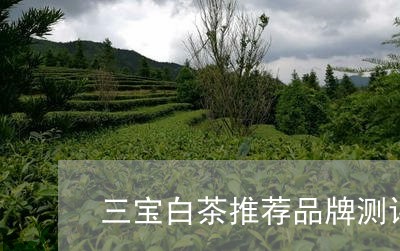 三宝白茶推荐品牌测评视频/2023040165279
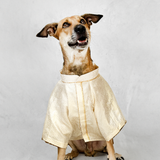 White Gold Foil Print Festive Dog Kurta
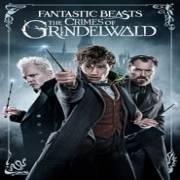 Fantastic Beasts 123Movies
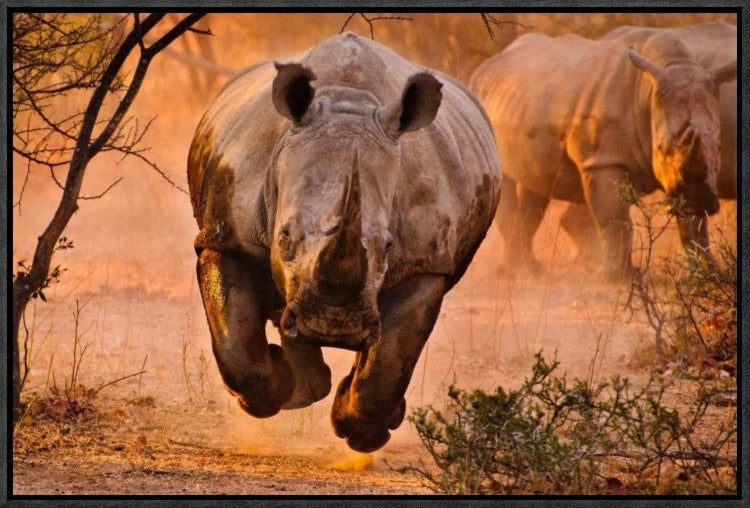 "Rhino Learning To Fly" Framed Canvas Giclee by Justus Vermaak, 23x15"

* * *

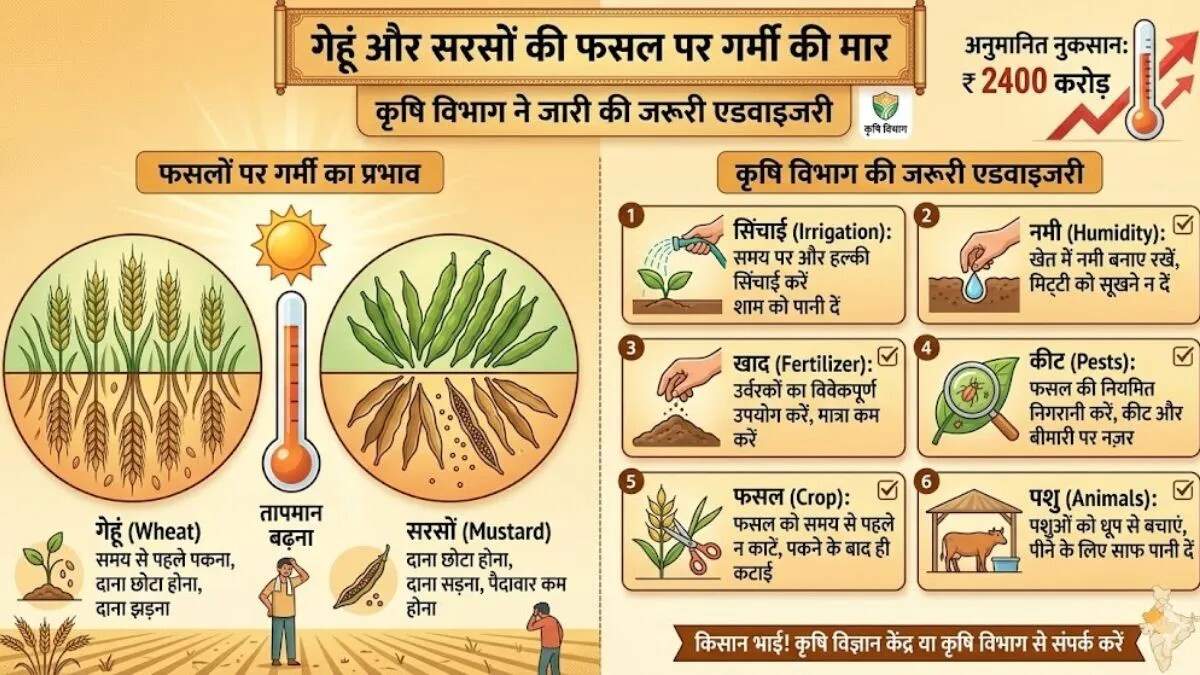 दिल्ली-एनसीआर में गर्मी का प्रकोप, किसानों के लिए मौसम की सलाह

* * *

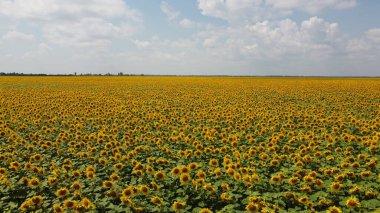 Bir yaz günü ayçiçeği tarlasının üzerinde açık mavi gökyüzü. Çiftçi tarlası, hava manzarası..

_Work to complete_: Nothing but the lines above from the one that has "三宝白茶推荐品牌测评视频/2023040165279" down to the one that has "Framed Canvas Giclee" belongs in the answer, copied exactly, without pictures.

_Task answer_:
 三宝白茶推荐品牌测评视频/2023040165279
 White Gold Foil Print Festive Dog Kurta
 Fantastic Beasts 123Movies
 "Rhino Learning To Fly" Framed Canvas Giclee by Justus Vermaak, 23x15"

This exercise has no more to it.